BEGIN Record set

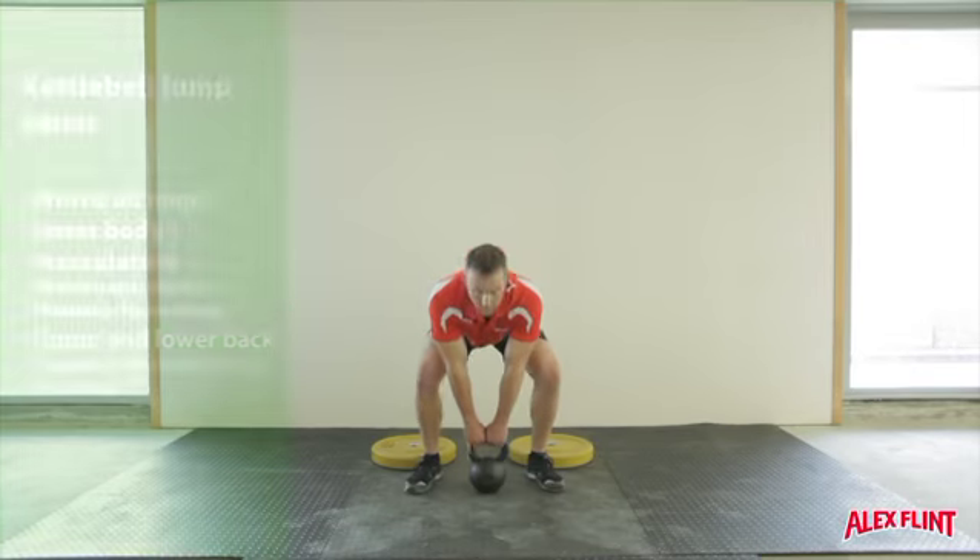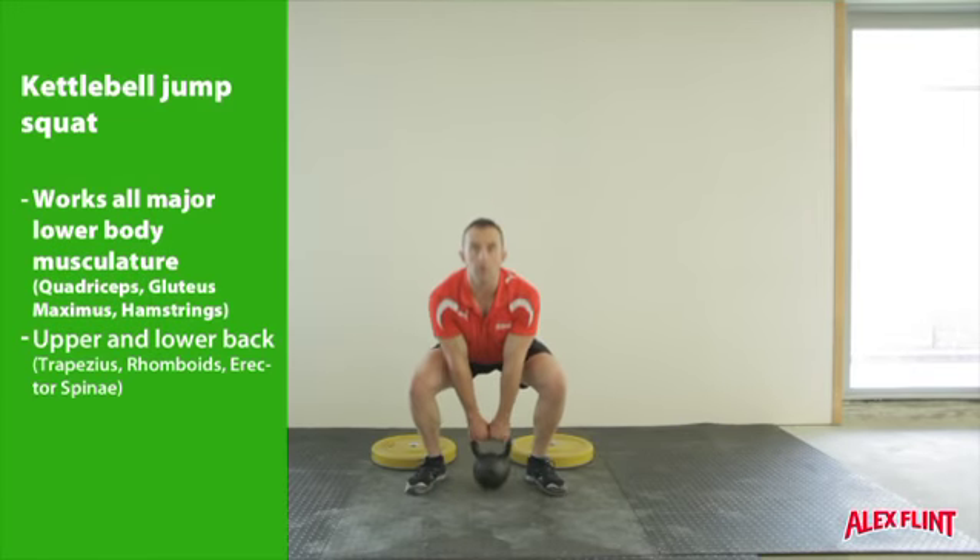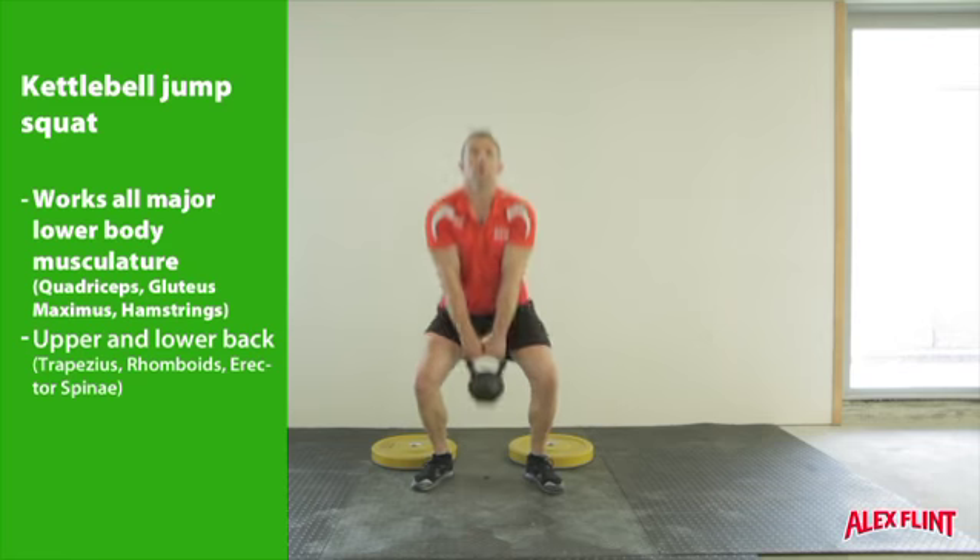Start with the kettlebell touching the ground between the feet. Feet shoulder width apart, toes slightly out. Grip the kettlebell in both hands.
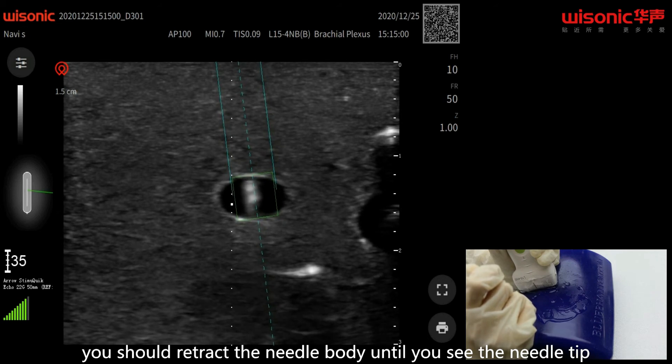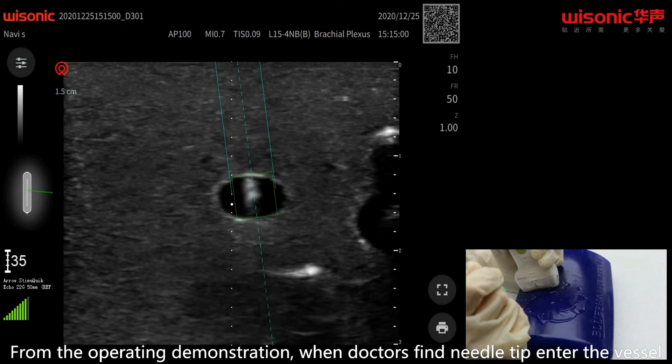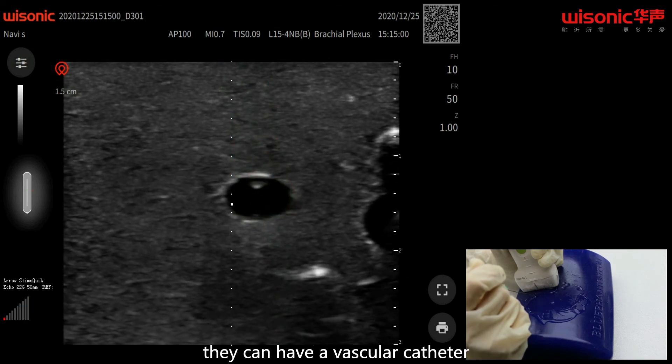You should retract the needle until you see the needle tip and the target box turns green to red. From the operating demonstration, when doctors find the needle tip entering the vessel, they can have a vascular catheter.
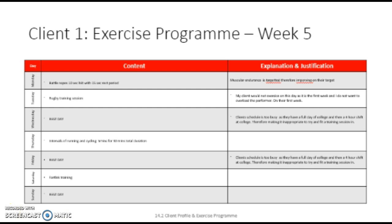Week 5. On Monday evening of week 5, my client is free. However, this Sunday of week 4, he will have done a swim. Therefore, he is only going to do a short session on the Monday.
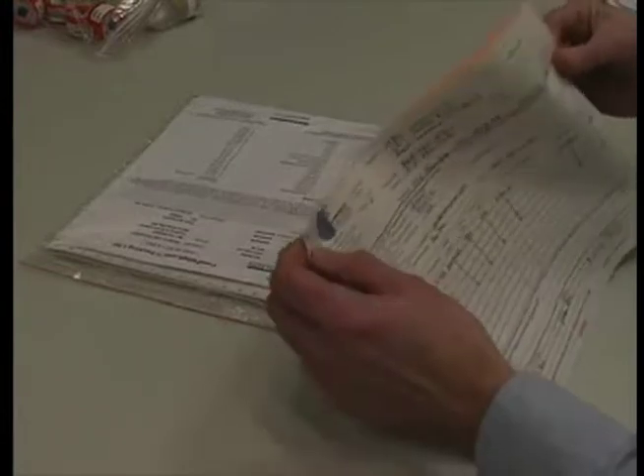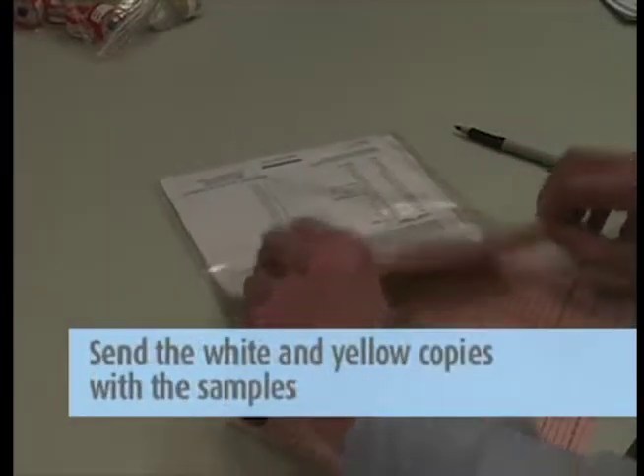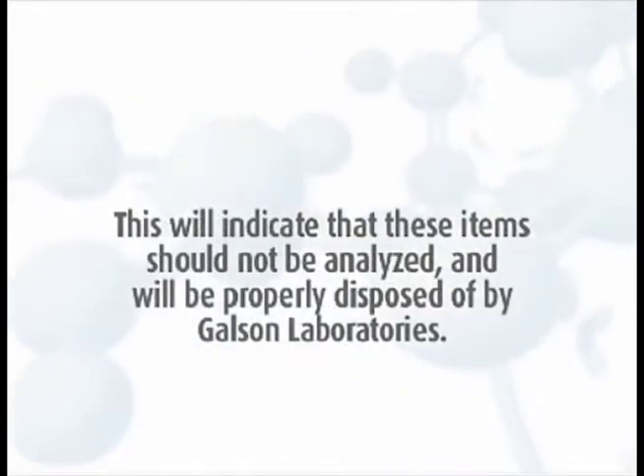Complete the chain of custody form. It is important that you include all the information requested in order to ensure the turnaround time of your samples. Remove the pink copy and keep this for your records. Send the white and yellow copies in with the samples to the lab in the large Ziploc bag. Please place any unused media in the Ziploc bag marked with the orange Unused Media label. This will indicate that these items should not be analyzed and will be properly disposed of by Galson Laboratories.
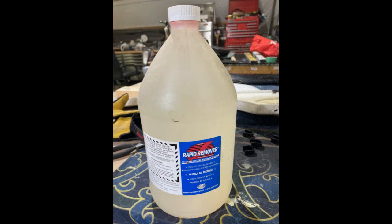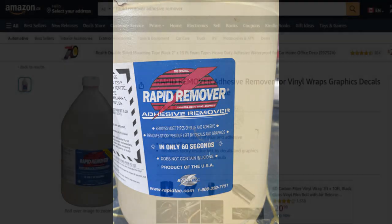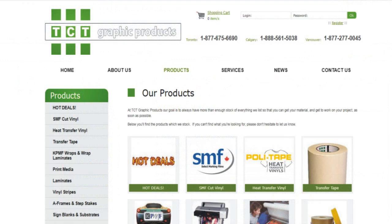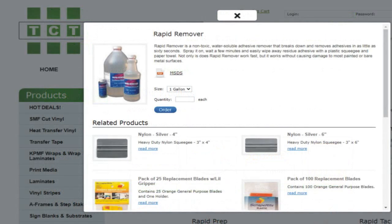The next shop secret is a product called Rapid Remover. This is a semi-oily, water-soluble, non-toxic liquid for removing vinyl graphic glue residue. If you do a Google search for sign making supplies, you may be able to find it locally. You can also order it from Amazon. I source mine from TCT Graphic Products. They have three Canadian offices and take online orders; however, they do not ship outside of Canada. If you look on the tips and links page under repairs, I have posted a link to the TCT webpage.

END Record set

Give again, word for word, every line from the top of the data above to the line holding "You should retract", inclusive, with the pictures left out.

Start with the kettlebell touching the ground between the feet. Feet shoulder width apart, toes slightly out. Grip the kettlebell in both hands.
You should retract the needle until you see the needle tip and the target box turns green to red. From the operating demonstration, when doctors find the needle tip entering the vessel, they can have a vascular catheter.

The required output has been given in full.